A Base Nacional Comum Curricular, após anos de debates e consultas públicas, teve sua homologação em 2017, para a Educação Infantil e Ensino Fundamental, e em 2018, para o Ensino Médio. A LDB se renova, também, com atualizações permanentes, especialmente voltadas à educação inclusiva.
Ainda, os Objetivos para o Desenvolvimento Sustentável também se atualizam. Exemplo disso é o pleito brasileiro, apresentado voluntariamente na Assembleia Geral da ONU, em 2023, para a criação do 18º Objetivo: Igualdade Étnico-Racial.
E como as escolas podem viver o ESG?
A proposta de trazer as relações de siglas e conceitos aparentemente vinculados ao mundo corporativo e contextualizar no mundo da Educação, é reforçar que tanto a gestão escolar quanto o processo de aprendizagem precisam estar conectados com grandes metas globais, que somente farão sentido com atitudes locais.

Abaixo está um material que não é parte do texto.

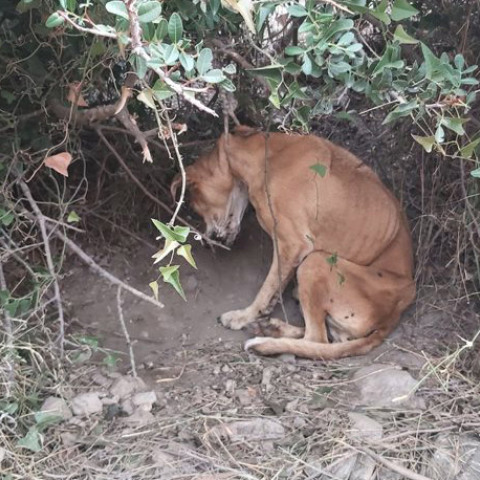 Φιλοζωικο σωματειο Κερατεας Προκρις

Você, dirigente escolar, já fez um breve diagnóstico ligado às questões de governança? Há transparência nas decisões administrativas? Há uma política de compliance?

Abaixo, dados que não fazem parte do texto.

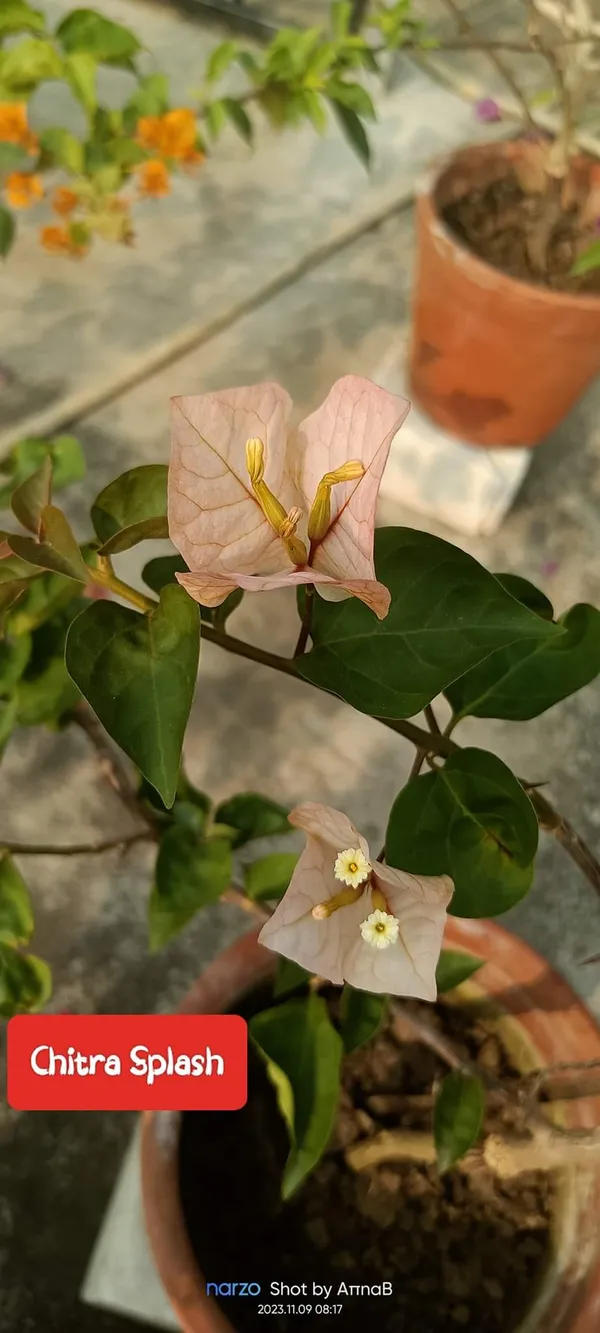 Bougainvillea_Peach__Flower_Plant_(_Pack_Of_1_)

E no que diz respeito ao impacto ambiental da instituição que conduz? Como ocorre o descarte de resíduos e como são monitoradas (ou substituídas) as fontes de energia? Quais são as práticas sustentáveis dos fornecedores da sua escola?
A relação com as pessoas contratadas, sejam para o corpo docente e ou equipes administrativas, está amparada em amostragens, por exemplo, como o Censo Brasileiro para sua cidade? A relação com as famílias dos(as) estudantes – de pagamento integral ou bolsistas – e a comunidade do entorno é aberta, permanente e sadia?

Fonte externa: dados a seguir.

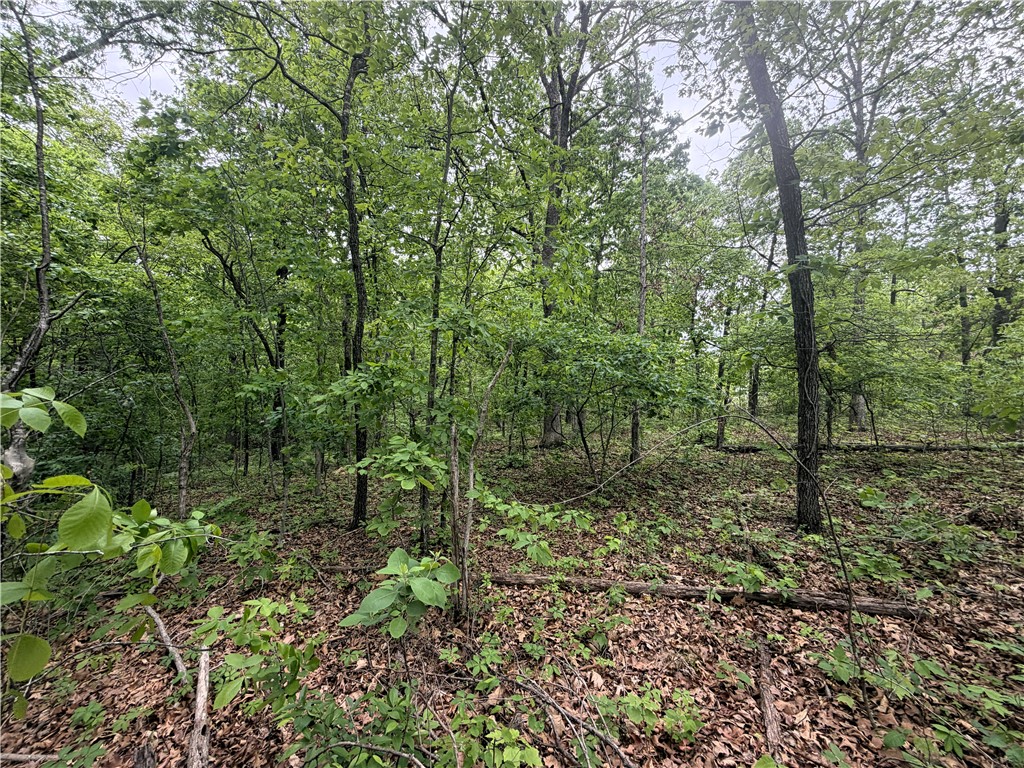 Bedford Sub Bvv - Land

Você percebe que, a partir de um olhar ESG para o ambiente e práticas da escola é possível relacionar as questões pedagógicas de maneira coerente e consistente? Os documentos que embasam a Educação no Brasil estão disponíveis e trazem nitidamente o que deve ser feito. A questão é vê-los com atenção e fazê-los impulsionar práticas que extrapolam o ambiente da sala de aula e produzem sentido na vida cotidiana.
Por hábito, procuro relacionar minhas ações e entregas profissionais aos Objetivos para o Desenvolvimento Sustentável. Representa um exercício diário de ver como o que eu (re)penso, leio, ouço ou realizo pode dialogar com algo maior do que o “meu mundinho”.
Concluo trazendo, dentro da perspectiva da Diversidade, Equidade e Inclusão, que é um dos segmentos umbilicalmente ligados ao ESG e aos ODS, que não basta termos uma rampa para cadeirantes com a inclinação recomendada pela Norma da ABNT se não virmos, na pessoa que usa a cadeira de rodas, as capacidades que ela tem a oferecer.
É infrutífero postar um vídeo ou card nas redes sociais exaltando o Dia Internacional da Mulher e a Semana da Consciência Negra se não houver, na biblioteca da escola, um amplo acervo que valorize mulheres e pessoas negras, ou ainda, uma política institucional que seja sensível e corretiva sobre a posição desses dois públicos nos cargos atuais e nas novas contratações.
Ainda nessa reflexão, não fará sentido falar de energias renováveis em sala de aula se a escola nunca fez um estudo para instalar módulos solares ou, simplesmente, não separa os resíduos em lixeiras específicas no pátio, dando o destino correto (e sabendo qual é esse destino).
São várias as ações possíveis mas, mais que planejar orçamento (sim, ele segue indispensável), é necessário intencionalidade e disposição em rever conceitos e comportamentos como forma de aprimorar práticas por um mundo melhor, a partir das crianças, dos jovens, das famílias e das pessoas educadoras. Não é retórica. É ação.